I’ve mentioned Mike Sparkes in this blog before. He was my first sales boss, my business partner, my mentor and my friend and he taught me pretty much all I needed to know to get started in sales. Well this is another one of his little gems.
Imagine this. I’m negotiating with my first real freelancer and a client I’ve just won all by myself. The objective is to find a pay rate the freelancer is happy with; a margin that we are happy with and a charge out rate that the client is happy with.
Rule #1: always anticipate each possible scenario in the negotiation and have a clear response for each one.
Mike sat down with me and we did this. He asked questions that made me explore the possible things both the client and the freelancer might say and then decide how I would respond in each case. Ready to go then!
Rule #2: if something comes up you haven’t planned for, especially if it involves money, ask for a “time out”.
Got a rate from the contractor; add our margin (plus a bit more) and present it to the client. Client says he wants to pay less (anticipated) so I suggest a figure which gives us our margin; client asks for a bit more off (anticipated) I suggest we keep the rate the same but take a reduced margin on any overtime worked (we know there’s going to be some). Client agrees.

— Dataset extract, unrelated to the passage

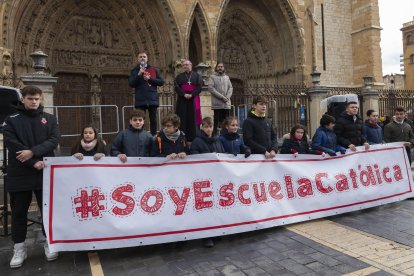 Encuentro de Escuelas Católicas en la Catedral de León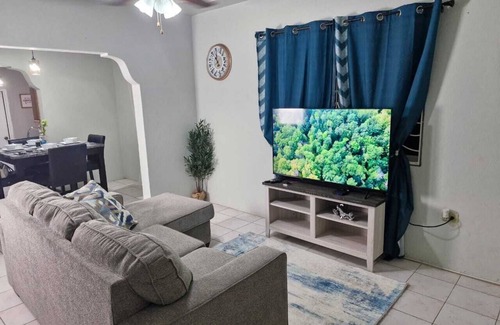 Hellshire House | Charming 3-bedroom house in Hellshire with WiFi and AC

Back to the contractor. Suggest he has to take a lower rate (ever hopeful); contractor counters by saying he has just been offered another role and he wants more money not less (totally unexpected). I ask him how much he wants and tell him he can have it (epic fail).
What I should have done was say I needed a few minutes and I would get back to him obviously better prepared. I didn’t and so Mike had to get the sales director’s permission to do this sub-standard deal. Egg on faces; mostly mine!
Rule #3: make sure all the details are nailed down before you give a firm “yes”.
I suggested we go back to the client and try and get some more money. Mike said that was understandable and we might even get it but we’d made a deal and we had to stick to it. His belief was going back on deals was bad for your reputation and should be avoided.
My mistake was giving the client a firm “yes” before I’d closed the deal down with the freelancer. If I hadn’t done this I could have gone back for more money since the freelancer had changed the rules. Well you live and learn I suppose.
From that day onwards I have tried to follow these 3 simple rules and most of my howling negotiation cock-ups have arisen because I broke them.